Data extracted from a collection
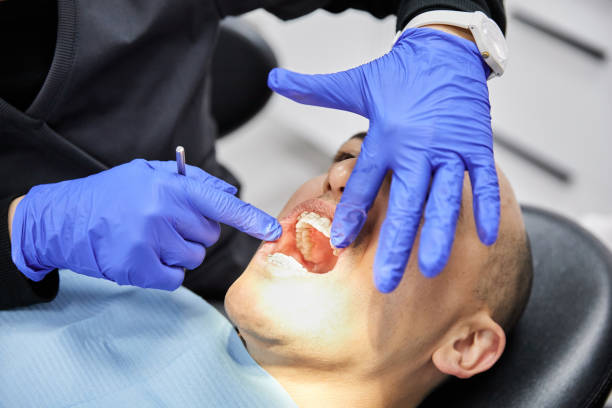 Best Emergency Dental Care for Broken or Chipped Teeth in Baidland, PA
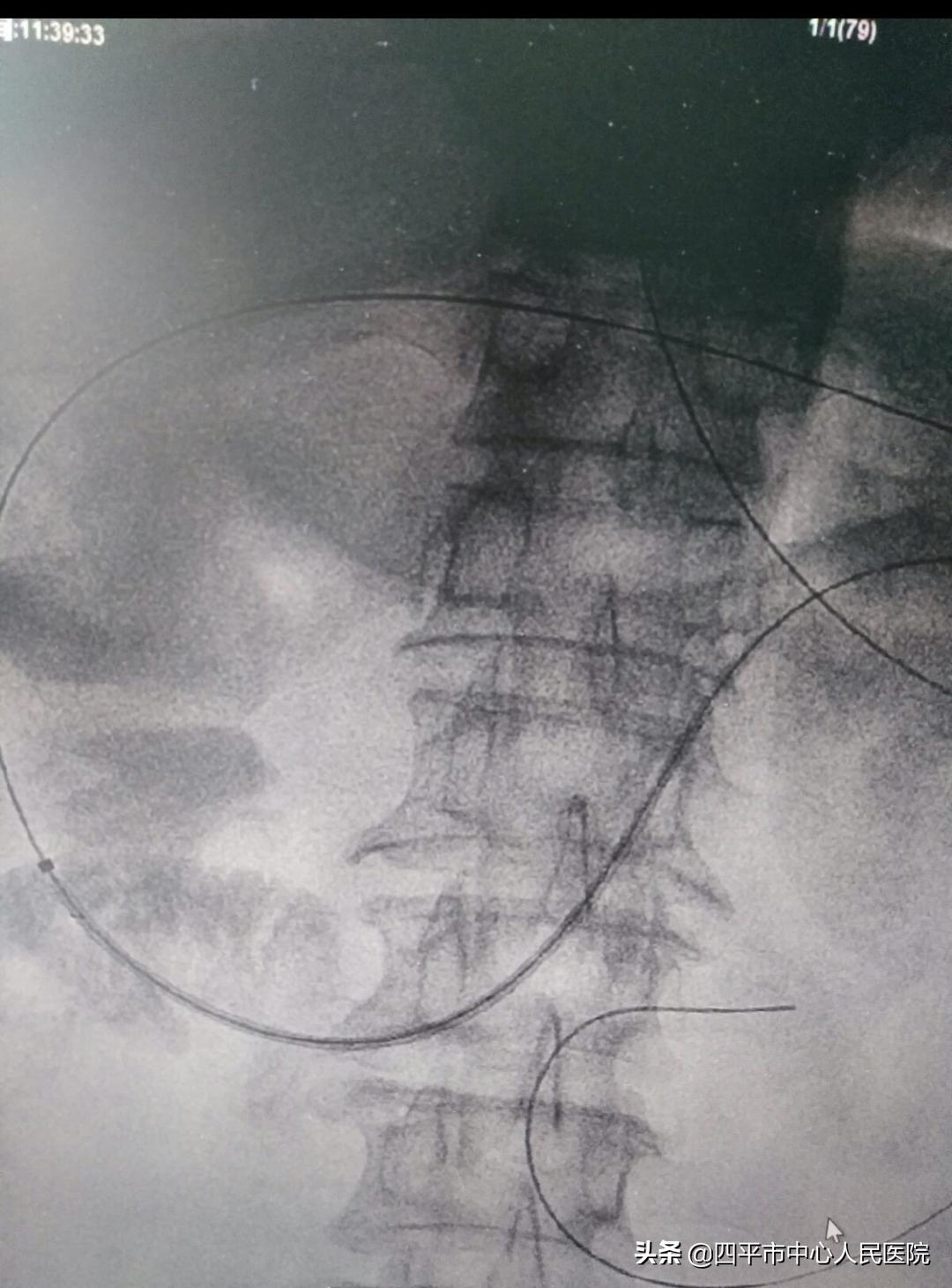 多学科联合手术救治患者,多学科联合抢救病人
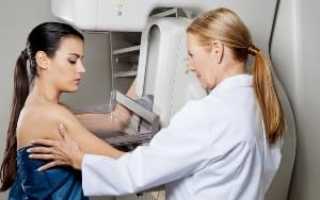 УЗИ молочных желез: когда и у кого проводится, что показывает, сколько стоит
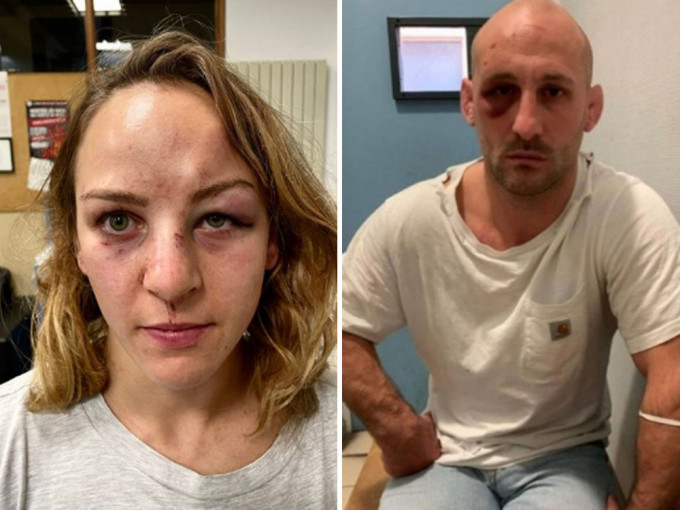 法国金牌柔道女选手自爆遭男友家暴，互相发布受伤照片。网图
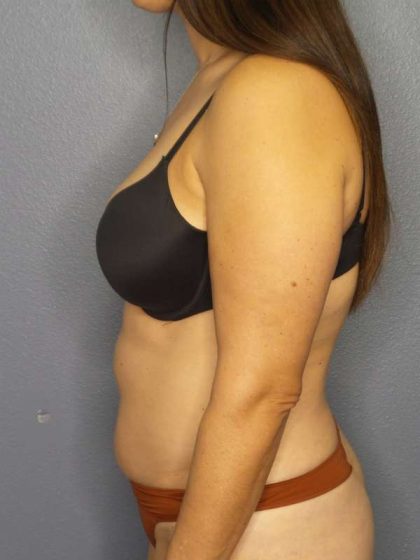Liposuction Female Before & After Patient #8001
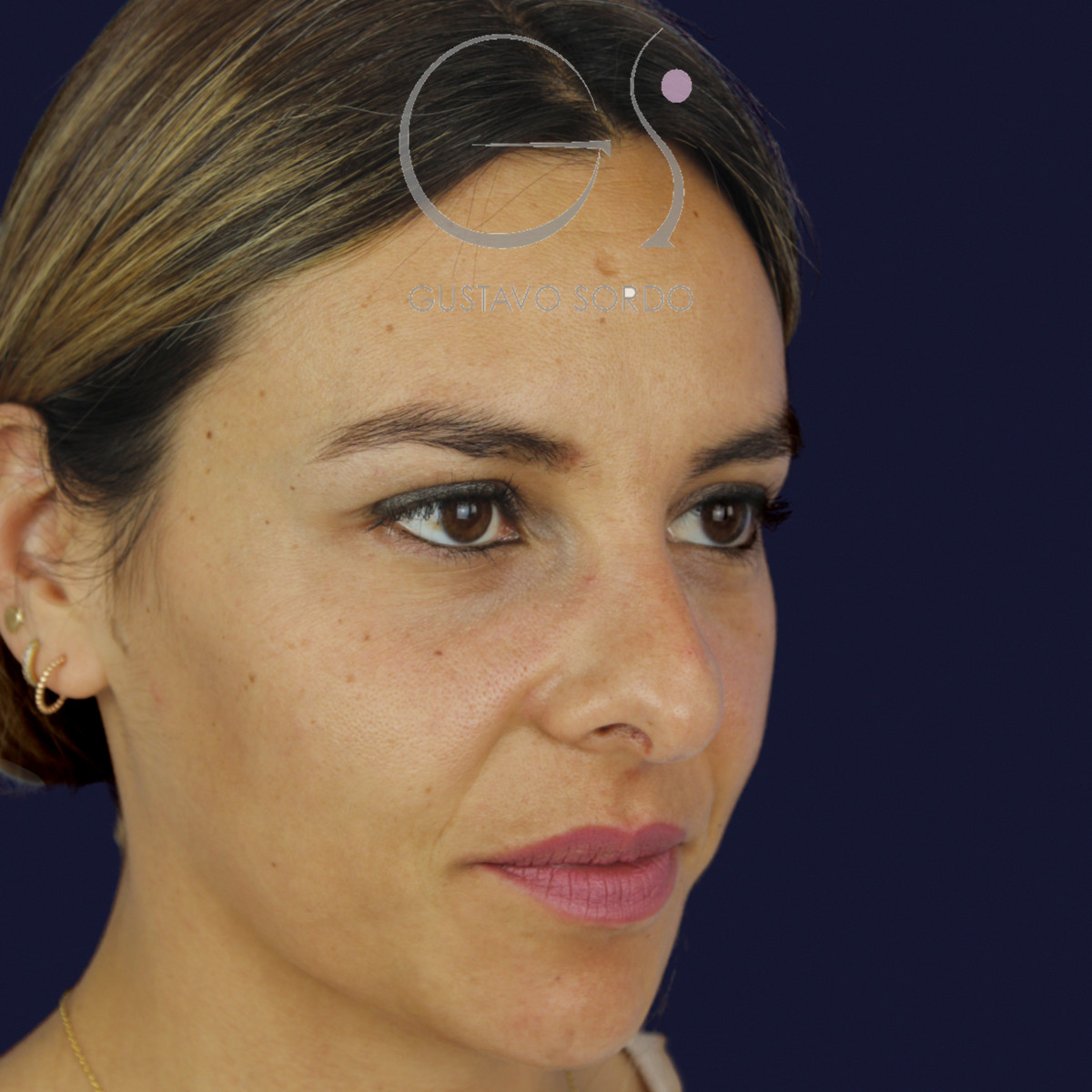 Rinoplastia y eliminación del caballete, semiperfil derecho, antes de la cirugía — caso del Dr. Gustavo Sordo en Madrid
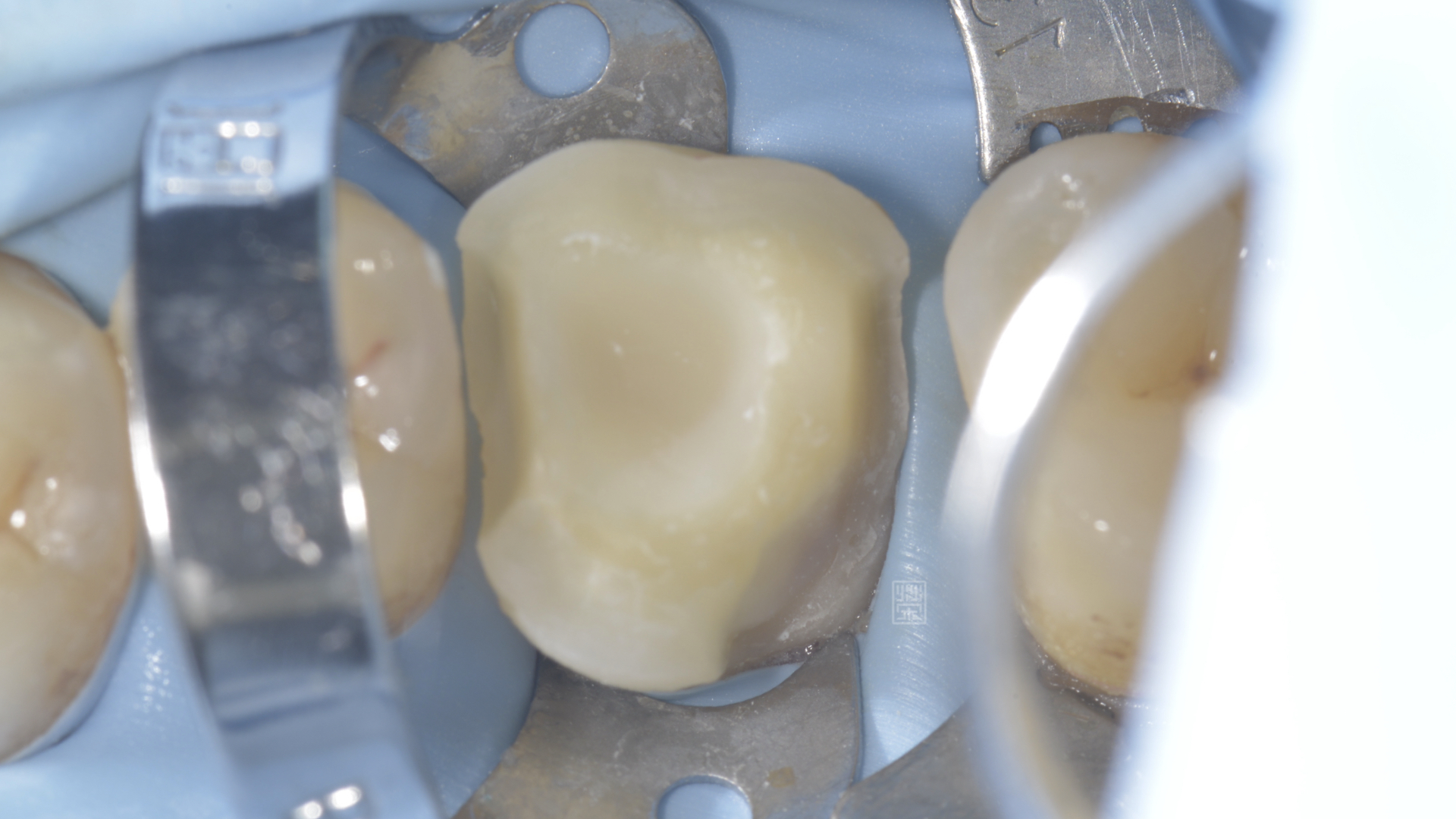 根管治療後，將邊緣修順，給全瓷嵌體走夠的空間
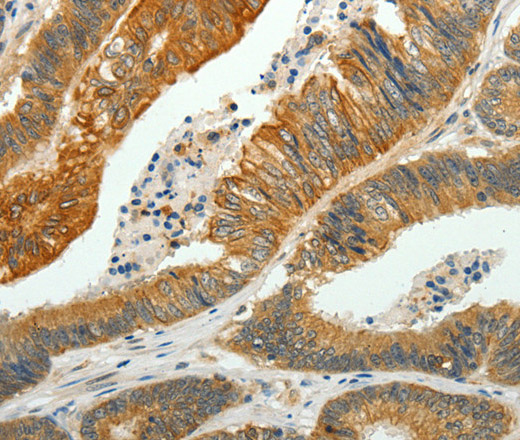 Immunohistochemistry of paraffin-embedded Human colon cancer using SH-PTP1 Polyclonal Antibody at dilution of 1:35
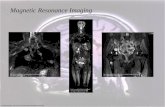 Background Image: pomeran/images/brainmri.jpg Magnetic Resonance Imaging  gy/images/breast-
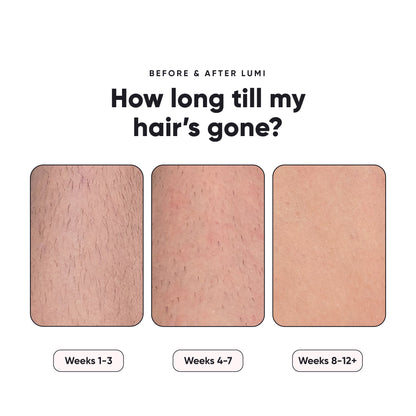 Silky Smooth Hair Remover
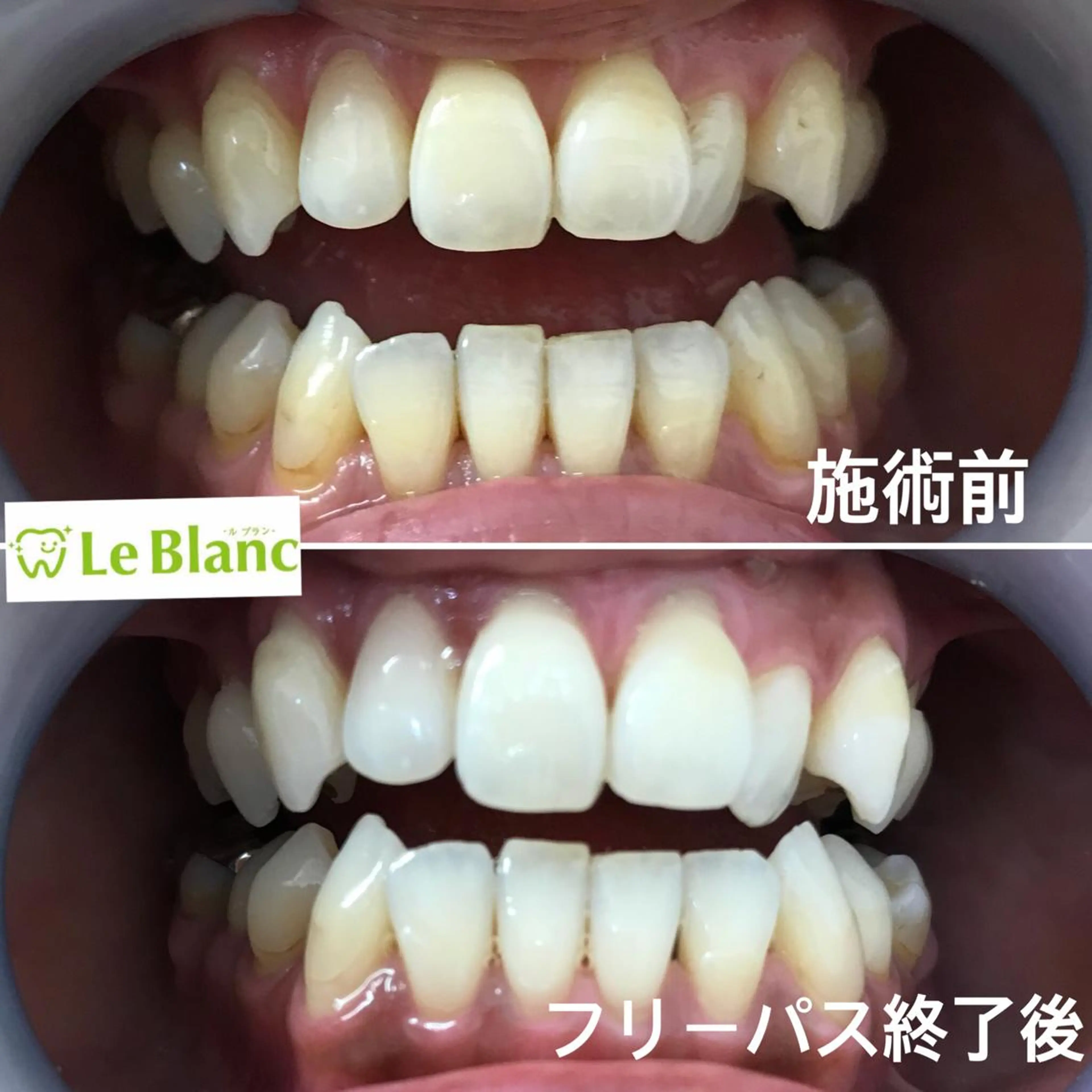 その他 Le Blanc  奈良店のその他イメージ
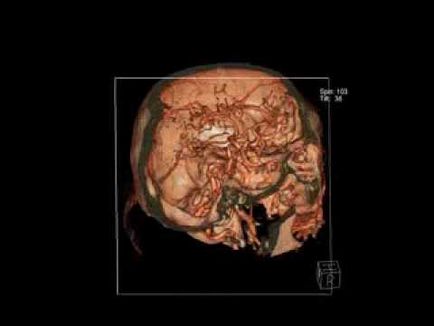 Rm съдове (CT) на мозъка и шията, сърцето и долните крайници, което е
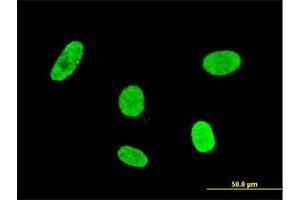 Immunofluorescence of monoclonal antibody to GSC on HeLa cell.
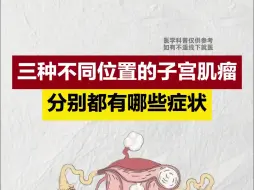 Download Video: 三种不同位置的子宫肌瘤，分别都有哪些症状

**GOAL OF THE EXERCISE:** Exact copy, pictures excluded: restate every record above word for word.

**REPLY TO THE TASK:**
 Best Emergency Dental Care for Broken or Chipped Teeth in Baidland, PA
 多学科联合手术救治患者,多学科联合抢救病人
 УЗИ молочных желез: когда и у кого проводится, что показывает, сколько стоит
 法国金牌柔道女选手自爆遭男友家暴，互相发布受伤照片。网图
Liposuction Female Before & After Patient #8001
 Rinoplastia y eliminación del caballete, semiperfil derecho, antes de la cirugía — caso del Dr. Gustavo Sordo en Madrid
 根管治療後，將邊緣修順，給全瓷嵌體走夠的空間
 Immunohistochemistry of paraffin-embedded Human colon cancer using SH-PTP1 Polyclonal Antibody at dilution of 1:35
 Background Image: pomeran/images/brainmri.jpg Magnetic Resonance Imaging  gy/images/breast-
 Silky Smooth Hair Remover
 その他 Le Blanc  奈良店のその他イメージ
 Rm съдове (CT) на мозъка и шията, сърцето и долните крайници, което е
 Immunofluorescence of monoclonal antibody to GSC on HeLa cell.
 Download Video: 三种不同位置的子宫肌瘤，分别都有哪些症状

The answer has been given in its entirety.